Theories of Liability

A plaintiff in Florida can sue for injuries caused by a defective product under three primary legal theories. These can be pleaded together in the same lawsuit.

Strict Liability

This is the cornerstone of modern products liability law. It focuses on the condition of the product itself, not the conduct of the manufacturer. If a product is sold in a defective condition that makes it unreasonably dangerous, the seller is liable for the harm it causes, even if they exercised all possible care.

Negligence

This theory focuses on the conduct of the defendant. A manufacturer or seller can be found negligent if they failed to exercise reasonable care in the design, manufacturing, inspection, or marketing of a product, and that failure caused the plaintiff's injuries.

Breach of Warranty

This theory is rooted in contract law and alleges that the product failed to live up to a promise or guarantee.

  • Express Warranty: A specific guarantee made by the seller (e.g., "shatterproof glass").
  • Implied Warranty: A guarantee implied by law, such as the warranty that a product is "merchantable" (fit for its ordinary purpose).

Types of Product Defects

To succeed under any theory, the plaintiff must prove the product was defective. Florida law recognizes three categories of defects.

Design Defects

The product's original blueprint or design is inherently unsafe, making the entire product line unreasonably dangerous. Florida uses the consumer-expectation test to evaluate design defects: a product is defective if it fails to perform as safely as an ordinary consumer would expect when used in a reasonably foreseeable manner.

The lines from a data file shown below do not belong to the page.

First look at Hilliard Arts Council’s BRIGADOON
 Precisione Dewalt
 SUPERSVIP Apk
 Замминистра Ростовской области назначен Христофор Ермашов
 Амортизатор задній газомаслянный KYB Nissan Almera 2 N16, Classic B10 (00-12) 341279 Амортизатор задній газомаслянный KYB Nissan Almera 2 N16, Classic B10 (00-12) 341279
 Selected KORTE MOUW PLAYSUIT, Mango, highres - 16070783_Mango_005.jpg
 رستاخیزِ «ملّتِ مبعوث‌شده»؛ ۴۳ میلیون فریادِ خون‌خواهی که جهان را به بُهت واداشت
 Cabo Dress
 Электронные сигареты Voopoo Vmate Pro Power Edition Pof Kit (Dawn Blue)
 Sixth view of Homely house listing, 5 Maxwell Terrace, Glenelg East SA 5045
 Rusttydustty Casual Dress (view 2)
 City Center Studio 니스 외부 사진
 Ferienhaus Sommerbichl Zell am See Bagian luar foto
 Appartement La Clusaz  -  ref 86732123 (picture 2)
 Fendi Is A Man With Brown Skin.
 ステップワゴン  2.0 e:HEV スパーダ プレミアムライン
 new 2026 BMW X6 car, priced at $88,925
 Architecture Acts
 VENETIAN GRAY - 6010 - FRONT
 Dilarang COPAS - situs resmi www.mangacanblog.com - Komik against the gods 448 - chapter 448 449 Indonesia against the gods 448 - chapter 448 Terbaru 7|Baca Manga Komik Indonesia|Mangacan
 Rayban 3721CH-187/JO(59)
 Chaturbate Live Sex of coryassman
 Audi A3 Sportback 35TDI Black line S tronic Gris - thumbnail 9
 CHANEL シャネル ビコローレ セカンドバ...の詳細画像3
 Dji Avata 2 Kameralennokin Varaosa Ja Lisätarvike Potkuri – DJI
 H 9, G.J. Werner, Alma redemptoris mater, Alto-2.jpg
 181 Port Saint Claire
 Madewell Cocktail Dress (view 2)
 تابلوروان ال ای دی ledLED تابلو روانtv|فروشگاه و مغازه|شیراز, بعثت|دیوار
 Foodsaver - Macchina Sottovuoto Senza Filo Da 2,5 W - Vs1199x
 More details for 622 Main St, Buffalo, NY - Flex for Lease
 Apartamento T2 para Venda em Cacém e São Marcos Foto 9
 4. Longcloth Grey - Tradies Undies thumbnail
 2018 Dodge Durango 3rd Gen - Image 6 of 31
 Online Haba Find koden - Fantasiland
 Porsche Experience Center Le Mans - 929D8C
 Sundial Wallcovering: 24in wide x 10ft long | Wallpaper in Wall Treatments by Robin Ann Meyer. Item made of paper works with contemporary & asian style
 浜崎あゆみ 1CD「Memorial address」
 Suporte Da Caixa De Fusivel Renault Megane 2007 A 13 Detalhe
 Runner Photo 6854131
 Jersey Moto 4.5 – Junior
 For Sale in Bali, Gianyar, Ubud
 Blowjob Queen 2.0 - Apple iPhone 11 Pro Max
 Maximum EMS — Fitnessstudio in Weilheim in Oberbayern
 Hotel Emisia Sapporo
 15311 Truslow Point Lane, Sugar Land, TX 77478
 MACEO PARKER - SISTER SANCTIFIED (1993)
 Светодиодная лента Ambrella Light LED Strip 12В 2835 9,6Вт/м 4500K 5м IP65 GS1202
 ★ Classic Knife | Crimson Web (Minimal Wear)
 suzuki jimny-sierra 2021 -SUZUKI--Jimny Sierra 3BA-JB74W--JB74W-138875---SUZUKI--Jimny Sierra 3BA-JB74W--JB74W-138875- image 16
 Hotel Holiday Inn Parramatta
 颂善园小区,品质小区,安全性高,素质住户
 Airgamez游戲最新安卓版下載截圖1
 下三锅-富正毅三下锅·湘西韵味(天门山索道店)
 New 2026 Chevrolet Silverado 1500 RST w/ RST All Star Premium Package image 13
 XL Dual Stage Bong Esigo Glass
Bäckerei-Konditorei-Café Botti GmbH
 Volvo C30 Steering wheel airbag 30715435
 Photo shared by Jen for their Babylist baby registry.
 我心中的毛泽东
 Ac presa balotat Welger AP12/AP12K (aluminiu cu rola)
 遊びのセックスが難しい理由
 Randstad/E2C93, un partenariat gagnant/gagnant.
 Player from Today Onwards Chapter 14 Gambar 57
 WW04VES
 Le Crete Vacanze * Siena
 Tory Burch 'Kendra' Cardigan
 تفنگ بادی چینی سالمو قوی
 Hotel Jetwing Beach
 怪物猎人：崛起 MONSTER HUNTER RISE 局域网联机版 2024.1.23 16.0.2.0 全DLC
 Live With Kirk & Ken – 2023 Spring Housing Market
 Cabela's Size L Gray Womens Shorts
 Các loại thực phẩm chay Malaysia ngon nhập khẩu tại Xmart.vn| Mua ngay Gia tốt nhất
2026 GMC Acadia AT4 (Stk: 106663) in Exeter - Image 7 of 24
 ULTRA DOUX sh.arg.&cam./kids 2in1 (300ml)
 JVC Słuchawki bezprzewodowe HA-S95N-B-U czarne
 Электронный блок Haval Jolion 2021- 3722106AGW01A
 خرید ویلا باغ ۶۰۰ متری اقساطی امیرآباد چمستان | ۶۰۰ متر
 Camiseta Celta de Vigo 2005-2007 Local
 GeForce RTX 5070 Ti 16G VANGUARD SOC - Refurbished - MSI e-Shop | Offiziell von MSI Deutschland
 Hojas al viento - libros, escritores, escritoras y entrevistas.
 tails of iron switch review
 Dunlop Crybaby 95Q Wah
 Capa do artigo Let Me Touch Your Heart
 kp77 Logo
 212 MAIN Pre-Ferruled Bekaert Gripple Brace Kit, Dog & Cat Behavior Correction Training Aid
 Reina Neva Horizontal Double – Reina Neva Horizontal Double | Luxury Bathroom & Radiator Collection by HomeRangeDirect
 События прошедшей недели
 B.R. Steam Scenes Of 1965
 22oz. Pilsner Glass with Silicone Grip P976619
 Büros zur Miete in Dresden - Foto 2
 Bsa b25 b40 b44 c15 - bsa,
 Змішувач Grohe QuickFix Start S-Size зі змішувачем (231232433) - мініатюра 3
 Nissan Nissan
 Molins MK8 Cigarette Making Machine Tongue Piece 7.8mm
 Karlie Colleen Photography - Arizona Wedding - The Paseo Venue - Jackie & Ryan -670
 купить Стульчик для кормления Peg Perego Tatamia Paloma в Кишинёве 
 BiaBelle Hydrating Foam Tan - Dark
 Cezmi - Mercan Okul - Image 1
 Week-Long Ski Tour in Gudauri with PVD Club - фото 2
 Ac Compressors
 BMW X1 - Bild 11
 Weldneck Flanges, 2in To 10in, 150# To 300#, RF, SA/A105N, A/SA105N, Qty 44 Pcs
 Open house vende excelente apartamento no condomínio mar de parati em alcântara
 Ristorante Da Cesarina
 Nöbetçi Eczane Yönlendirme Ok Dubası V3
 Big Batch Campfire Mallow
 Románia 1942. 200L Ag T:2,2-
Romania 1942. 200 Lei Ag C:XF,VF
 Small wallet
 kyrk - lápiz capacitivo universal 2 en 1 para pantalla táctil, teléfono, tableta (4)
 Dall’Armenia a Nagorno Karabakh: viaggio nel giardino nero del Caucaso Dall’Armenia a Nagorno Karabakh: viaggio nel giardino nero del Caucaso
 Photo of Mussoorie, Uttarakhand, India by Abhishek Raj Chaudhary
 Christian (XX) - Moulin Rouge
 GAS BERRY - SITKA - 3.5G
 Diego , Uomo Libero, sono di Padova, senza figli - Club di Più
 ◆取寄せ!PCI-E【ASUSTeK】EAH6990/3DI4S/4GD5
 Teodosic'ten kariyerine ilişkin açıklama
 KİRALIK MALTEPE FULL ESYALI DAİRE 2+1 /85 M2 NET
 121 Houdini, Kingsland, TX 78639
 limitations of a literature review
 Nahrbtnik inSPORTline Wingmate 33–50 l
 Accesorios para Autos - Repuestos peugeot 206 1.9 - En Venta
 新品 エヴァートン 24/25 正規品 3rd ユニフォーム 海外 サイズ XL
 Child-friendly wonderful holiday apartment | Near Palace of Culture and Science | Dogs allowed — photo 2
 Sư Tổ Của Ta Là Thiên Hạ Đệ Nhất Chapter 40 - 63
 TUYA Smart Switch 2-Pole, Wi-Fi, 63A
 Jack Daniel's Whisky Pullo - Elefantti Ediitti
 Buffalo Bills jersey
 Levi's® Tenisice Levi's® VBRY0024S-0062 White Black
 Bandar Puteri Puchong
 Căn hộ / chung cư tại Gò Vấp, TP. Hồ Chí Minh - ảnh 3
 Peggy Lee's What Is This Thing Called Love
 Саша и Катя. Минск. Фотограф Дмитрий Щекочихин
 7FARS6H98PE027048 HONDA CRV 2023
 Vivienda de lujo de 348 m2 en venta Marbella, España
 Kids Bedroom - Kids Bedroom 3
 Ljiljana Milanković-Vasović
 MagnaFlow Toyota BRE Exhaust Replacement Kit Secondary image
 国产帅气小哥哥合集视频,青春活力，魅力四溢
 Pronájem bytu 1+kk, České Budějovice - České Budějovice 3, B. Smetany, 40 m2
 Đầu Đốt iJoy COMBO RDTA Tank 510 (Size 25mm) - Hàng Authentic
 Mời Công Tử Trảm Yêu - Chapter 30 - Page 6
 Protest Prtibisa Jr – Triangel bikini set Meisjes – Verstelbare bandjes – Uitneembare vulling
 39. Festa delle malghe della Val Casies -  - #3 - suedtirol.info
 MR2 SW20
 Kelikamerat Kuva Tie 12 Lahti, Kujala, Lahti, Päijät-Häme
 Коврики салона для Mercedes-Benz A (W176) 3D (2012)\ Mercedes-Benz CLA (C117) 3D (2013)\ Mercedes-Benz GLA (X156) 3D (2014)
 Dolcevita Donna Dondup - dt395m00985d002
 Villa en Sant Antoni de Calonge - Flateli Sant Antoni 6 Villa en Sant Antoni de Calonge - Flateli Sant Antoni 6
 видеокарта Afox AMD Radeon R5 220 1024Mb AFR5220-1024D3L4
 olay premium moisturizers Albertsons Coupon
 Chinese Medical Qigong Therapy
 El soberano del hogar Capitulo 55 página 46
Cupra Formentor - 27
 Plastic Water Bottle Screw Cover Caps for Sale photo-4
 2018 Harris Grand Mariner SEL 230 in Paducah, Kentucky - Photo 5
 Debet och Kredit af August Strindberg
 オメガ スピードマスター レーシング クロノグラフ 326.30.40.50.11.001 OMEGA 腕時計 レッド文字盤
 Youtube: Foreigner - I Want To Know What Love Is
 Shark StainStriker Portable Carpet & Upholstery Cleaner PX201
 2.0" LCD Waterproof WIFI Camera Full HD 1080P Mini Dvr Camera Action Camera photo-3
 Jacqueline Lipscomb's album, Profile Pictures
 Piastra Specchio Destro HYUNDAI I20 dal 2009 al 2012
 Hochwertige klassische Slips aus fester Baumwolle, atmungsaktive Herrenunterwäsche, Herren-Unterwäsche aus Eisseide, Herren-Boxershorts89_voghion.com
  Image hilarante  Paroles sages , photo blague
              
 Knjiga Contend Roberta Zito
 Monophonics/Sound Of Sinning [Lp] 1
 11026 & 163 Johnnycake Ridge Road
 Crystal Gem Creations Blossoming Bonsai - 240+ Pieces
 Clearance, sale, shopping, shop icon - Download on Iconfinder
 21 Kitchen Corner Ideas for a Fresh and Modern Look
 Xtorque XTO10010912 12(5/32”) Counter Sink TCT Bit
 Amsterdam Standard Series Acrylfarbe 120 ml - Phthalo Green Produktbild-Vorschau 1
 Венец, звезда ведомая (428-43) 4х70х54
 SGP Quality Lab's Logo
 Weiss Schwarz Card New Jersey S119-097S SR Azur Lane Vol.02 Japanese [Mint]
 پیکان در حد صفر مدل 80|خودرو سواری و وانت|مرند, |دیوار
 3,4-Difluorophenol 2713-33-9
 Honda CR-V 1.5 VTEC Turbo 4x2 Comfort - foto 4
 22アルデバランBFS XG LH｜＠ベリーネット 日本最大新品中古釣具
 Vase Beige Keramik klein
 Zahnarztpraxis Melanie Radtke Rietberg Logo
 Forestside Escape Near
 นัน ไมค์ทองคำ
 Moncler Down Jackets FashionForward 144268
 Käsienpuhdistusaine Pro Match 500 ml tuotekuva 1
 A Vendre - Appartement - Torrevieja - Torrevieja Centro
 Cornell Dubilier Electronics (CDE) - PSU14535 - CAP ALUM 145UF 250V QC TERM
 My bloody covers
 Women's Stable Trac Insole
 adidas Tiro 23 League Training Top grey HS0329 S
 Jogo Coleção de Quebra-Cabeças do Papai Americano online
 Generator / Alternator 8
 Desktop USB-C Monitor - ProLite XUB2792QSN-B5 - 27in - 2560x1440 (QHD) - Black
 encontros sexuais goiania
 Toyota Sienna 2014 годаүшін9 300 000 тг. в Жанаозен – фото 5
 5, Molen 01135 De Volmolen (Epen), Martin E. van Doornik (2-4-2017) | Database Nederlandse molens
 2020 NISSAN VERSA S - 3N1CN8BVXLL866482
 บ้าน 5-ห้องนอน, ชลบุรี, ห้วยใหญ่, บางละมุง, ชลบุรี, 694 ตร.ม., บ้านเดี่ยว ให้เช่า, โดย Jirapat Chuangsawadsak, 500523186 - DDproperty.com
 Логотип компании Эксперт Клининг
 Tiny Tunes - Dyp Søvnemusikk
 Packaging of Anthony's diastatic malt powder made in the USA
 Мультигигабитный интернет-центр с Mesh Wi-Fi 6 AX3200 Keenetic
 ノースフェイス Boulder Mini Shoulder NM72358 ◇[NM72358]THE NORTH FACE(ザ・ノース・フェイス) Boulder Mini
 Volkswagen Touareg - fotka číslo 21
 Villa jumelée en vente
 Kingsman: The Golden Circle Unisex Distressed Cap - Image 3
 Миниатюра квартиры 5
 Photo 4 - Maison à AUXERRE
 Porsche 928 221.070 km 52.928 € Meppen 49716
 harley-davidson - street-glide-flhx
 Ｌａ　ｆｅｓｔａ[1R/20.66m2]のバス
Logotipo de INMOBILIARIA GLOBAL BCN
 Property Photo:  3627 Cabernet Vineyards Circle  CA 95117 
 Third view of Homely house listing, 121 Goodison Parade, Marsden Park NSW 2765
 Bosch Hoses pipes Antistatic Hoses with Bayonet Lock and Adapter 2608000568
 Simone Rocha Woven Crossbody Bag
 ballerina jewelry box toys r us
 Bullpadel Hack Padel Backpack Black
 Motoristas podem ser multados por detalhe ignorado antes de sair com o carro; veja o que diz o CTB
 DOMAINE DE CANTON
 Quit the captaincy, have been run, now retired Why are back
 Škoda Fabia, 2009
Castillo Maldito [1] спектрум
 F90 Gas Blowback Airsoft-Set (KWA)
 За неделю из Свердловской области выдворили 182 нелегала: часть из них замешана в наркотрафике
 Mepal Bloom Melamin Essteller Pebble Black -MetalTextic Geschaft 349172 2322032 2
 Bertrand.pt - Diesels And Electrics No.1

In Aubin v. Union Carbide Corp., the Florida Supreme Court rejected the more manufacturer-friendly "risk-utility test" as the primary standard, reaffirming Florida's commitment to the consumer-expectation test to protect consumers.

Manufacturing Defects

An error or flaw occurs during the production process, causing a specific unit or batch to deviate from its intended safe design. The defect exists in the individual product, not the entire line.

Marketing Defects (Failure to Warn)

A product is sold without adequate warnings or instructions about non-obvious dangers associated with its use. A legally adequate warning must inform the consumer of the risk's existence and severity and instruct them on how to avoid it.

Defenses to Products Liability

Defendants have numerous powerful defenses, many of which were strengthened by recent legislative reforms.

Comparative Fault (2023 Reform)

With the passage of HB 837 in 2023, Florida shifted to a modified comparative fault system. A plaintiff found to be more than 50% at fault for their own harm (e.g., through unforeseeable misuse of the product) is completely barred from recovering any damages.

Statute of Limitations & Repose

  • Statute of Limitations: A lawsuit must generally be filed within four years of when the harm was or should have been discovered. (Note: The 2023 reforms created ambiguity, potentially shortening the deadline for negligence-based claims to two years).
  • Statute of Repose: There is an absolute cutoff of 12 years from the date the product was first sold, regardless of when the injury occurred.

Other Key Defenses

  • State-of-the-Art Defense: A product's design is judged by the scientific and technical knowledge available at the time of manufacture, not by later advancements.
  • Government Rules Defense: Compliance with mandatory government safety regulations creates a rebuttable presumption that a product is not defective.
  • Learned Intermediary Doctrine: For prescription drugs, a manufacturer's duty to warn is generally fulfilled by providing adequate warnings to the prescribing doctor, not the patient.
  • Economic Loss Doctrine: Bars recovery in tort if a defective product only damages itself, resulting in purely economic losses (no personal injury or damage to other property).

Damages and Recovery

A successful plaintiff can recover compensatory damages for their losses. This includes economic damages (medical bills, lost wages) and non-economic damages (pain and suffering, mental anguish). In rare cases of egregious conduct, punitive damages may be awarded, but they are subject to very high legal standards and strict statutory caps in Florida.